この視点でギリシャ内陸部の石造りの村を見ていると、ひとつ面白いことに気づきます。
この風景は、ギリシャだけで完結しているわけではない、ということです。
たとえば、ギリシャのすぐ隣・アルバニア南部にジロカストラ(Gjirokastër)という街があります。
ジロカストラは、ベラトとともにUNESCO世界遺産に登録されている歴史都市。
UNESCOはベラトとジロカストラを、オスマン期の建築的特徴をよく残す希少な例として紹介しています。

山の斜面に沿って積み重なる、石造りの家々。
迷路のように入り組んだ石畳の坂道。
鈍い光を返す、灰色の石屋根。
ジロカストラが「石の街」と呼ばれることがあるのも、うなずける景色です。
そこにあるのは、サントリーニのように海へ開かれた明るさとは少し違う、山の街ならではの重厚で静かな空気です。

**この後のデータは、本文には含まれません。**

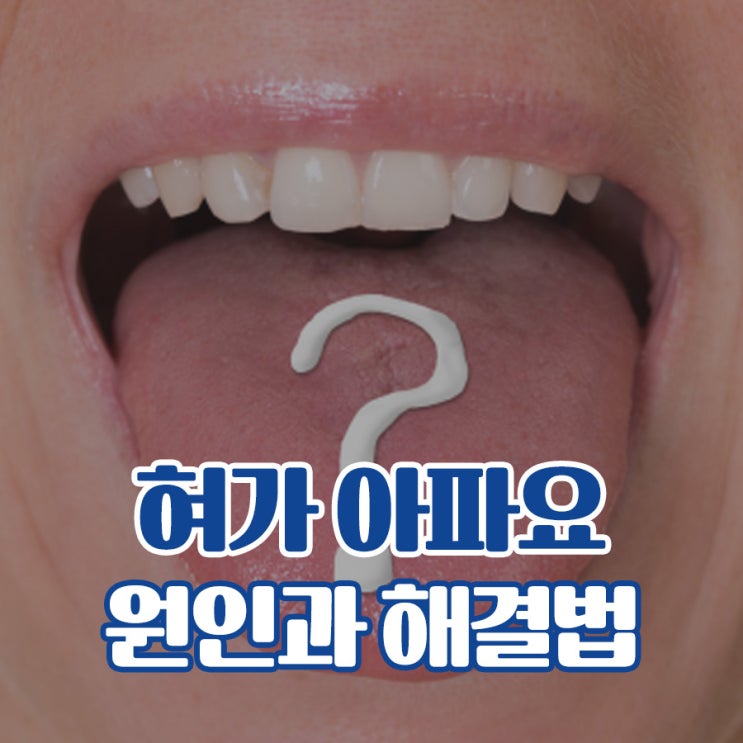 설암 초기증상 이것이 발견된다면 : 네이버 블로그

けれど、国境を越えてギリシャ側のザゴリにある石造りの村々と見比べると、両者の間には不思議な近さを感じます。
その近さは、偶然だけではなさそうです。
UNESCOはザゴリの村々について、より広いバルカン地域に共通するビザンツ・オスマン系の民家建築の遺産を反映していると説明しています。
一方、ジロカストラについても、ICOMOSはバルカン地域に特徴的なクラ(kullë / アルバニア語で塔の意味)と呼ばれる塔状住居が見られる街だと説明しています。
地図上ではザゴリはギリシャで、ジロカストラはアルバニア。
もちろん、国境や政治の歴史を無視することはできません。
けれど、家を建てるという切実な行為において、人々がまず向き合ったのは、目の前の山であり、手に入る石であり、冬の寒さや雨風だったのではないでしょうか?
- 山から石を切り出し、分厚い壁を築く
- 急な斜面に逆らわず、地形に沿うように家を建てる
- 雨や雪を受け流すために、屋根に傾斜をつける
そう考えると、ギリシャ内陸部の赤い屋根や石造りの村々は、単なるギリシャの地方建築という枠だけでは語りきれません。
それは、バルカンの山岳地帯に生きた人々が、自然と折り合いをつけながら暮らしてきた痕跡でもあります。
国境の線を少しだけ薄くして眺めてみると、ザゴリの石の村とジロカストラの石の街は、別々の観光地ではなく、同じ山の暮らしが石と屋根の形を借りて残った風景に見えてくるのです。
まとめ
ギリシャ内陸部に赤茶色の瓦屋根や石造りの家々が多く見られる理由は、ひとつではありません。
雨や雪を受け流すための傾斜屋根。
その土地で手に入る粘土や石。
山の寒さに耐えるための厚い壁。
そして、国境を越えたバルカン地域との歴史的なつながり。
それらが何世代にもわたる暮らしと重なり、あの静かで力強い街並みを形づくってきました。
海沿いの島々では、白い壁が強い光を受け止めます。
一方、内陸の村々では、赤い瓦や灰色の石が、山の風景に深く溶け込んでいきます。
どちらが本当のギリシャなのか、という話ではありません。
どちらも、ギリシャの大切な表情です。
街を彩る色は、ただの装飾ではありません。
その土地で何を手に入れ、どんな自然と向き合い、どう暮らしを守ってきたのか。
その積み重ねが、屋根の色や壁の質感となって、今も風景の中に残っているのだと思います。